今回この歌手を取り上げるのは、前回私が作成した以下の動画に対し、
ファジョーリが入ってないないとのコメントを頂きましたので、
それではこの機会にと思って彼の急遽歌唱分析をすることにしました。
現代を代表するカウンターテノール4選
因みにファジョーリは、私がカウンターテノールの勉強をしていた学生時代から知っている歌手で、
廉価レーベルだったArte Novaから出したCDを持っていました。
今見たらAMAZONで当時の10倍程の値段になってて驚きましたが・・・
ヘンデル ロデリンダ Se fiera belva ha cinto
30歳になるかならないかの時の演奏がこんな感じです。
作ったような音色で何を言っているのか正直よくわからないのが気になるのですが、
技巧的には優れた能力を持っている歌手ではあったので、今後どうなるかは多少気にはかけていました。
そして、彼は見事に大出世して、今では最も権威のあるクラシックレーベルのDG(ドイツ・グラモフォン)からCDを出すまでになりました。

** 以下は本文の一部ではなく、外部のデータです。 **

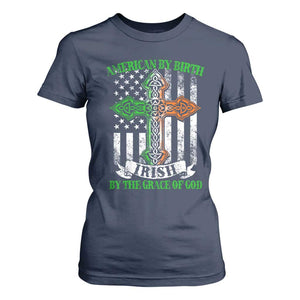 American By Birth Irish By The Grace Of God T Shirt For Women TS09 Navy Print Your Wear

このCDに関連した映像だと思いますが、YOUTUBEでも以下が公式映像として出ています。
では、この曲を使って彼の歌唱を分析していきましょう。
まず出だしの「o」母音が「お」に聴こえない。
「u」と「o」の中間のような音色で、続く「bra」の「ra」は平べったい響きで、
「mai 」の「ma」は力んで重い声と、最初のフレーズだけで母音の音色がバラバラです。

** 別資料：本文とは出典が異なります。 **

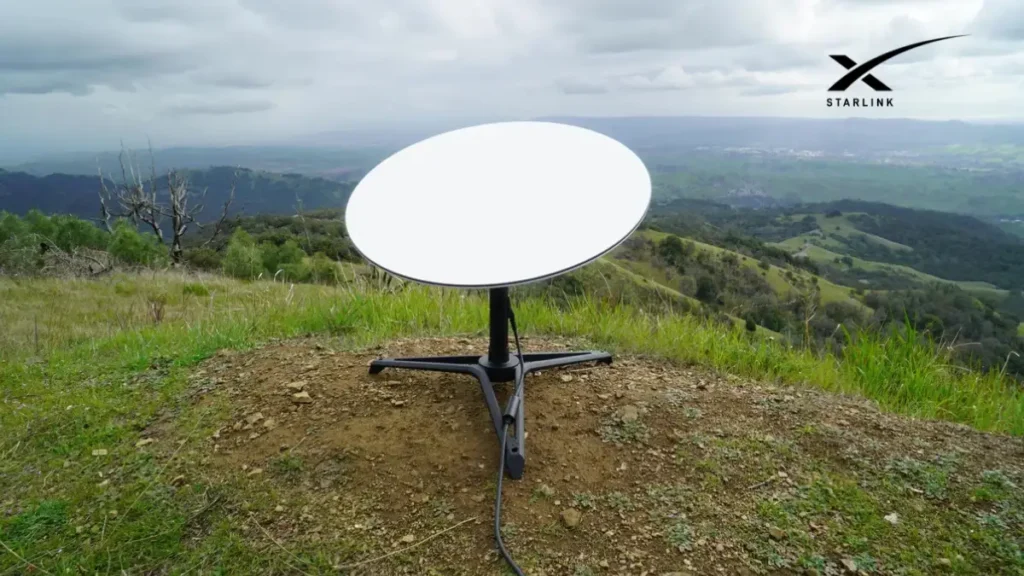 Starlink satellite internet dish installed outside a rural home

1:59~2:07の「cara ed amabile」は
「c」が「k」のような子音になっていて、cara(愛おしい)という歌詞の意味を考えてもこれは変だし、伸ばしている「ca」は、伸ばしているうちにどんどん鼻に入っていて、「edaamabile」は微妙に演歌ちっくなポジションに入っている。
良い部分を挙げるとするならば、最後の「soave più」の「piu」の高音のピアノは上手い具合に抜けているが、全体的に中音域は平べったく、低音域は詰めたような感じなので、母音や子音の種類に関係なく音色の統一性がないです。
カウンターテノールのレジェンド的存在のアンドレアス・ショルの演奏と比較すれば、
いかにファジョーリの音色がバラバラで、発声的に癖が強いかがわかると思います。
唯一ファジョーリが優れているのは、最後のsoave più」の「piu」の部分だけだと私は思いますが、いかがでしょうか。
ヘンデル アリオダンテ cherza infida
さて、こちらが今年の演奏。
40歳と一番歌い手として脂の乗る年齢になった彼の演奏はどうか?
と思って聴いてみても、30代の時と同じように、喉声気味で音色が暗くまったく発音が飛ばず、声に開放感がない。
響きではなく声で歌っているので、正直大手レーベルからCDを出してて知名度は高いですが、どう聴いても現在を代表するカウンターテノールとは呼べないです。
では、ファジョーリより年下で、個人的に注目しているヴィストーリと比較してみましょう。
ヘンデル ジュリオ チェーザレ Va tacito e nascosto
ファジョーリの声は喉が鳴っているのに対して、
ヴィストーリは硬口蓋が響きの中心なので、言葉も飛ぶし、低音でも詰まったような音にならず、レガート豊に響きます。
個々がどの歌手が好きかは自由ですし、私が口を出すことではありませんが、
好き嫌いと上手い下手は全然別物だということはご理解頂きたいと思います。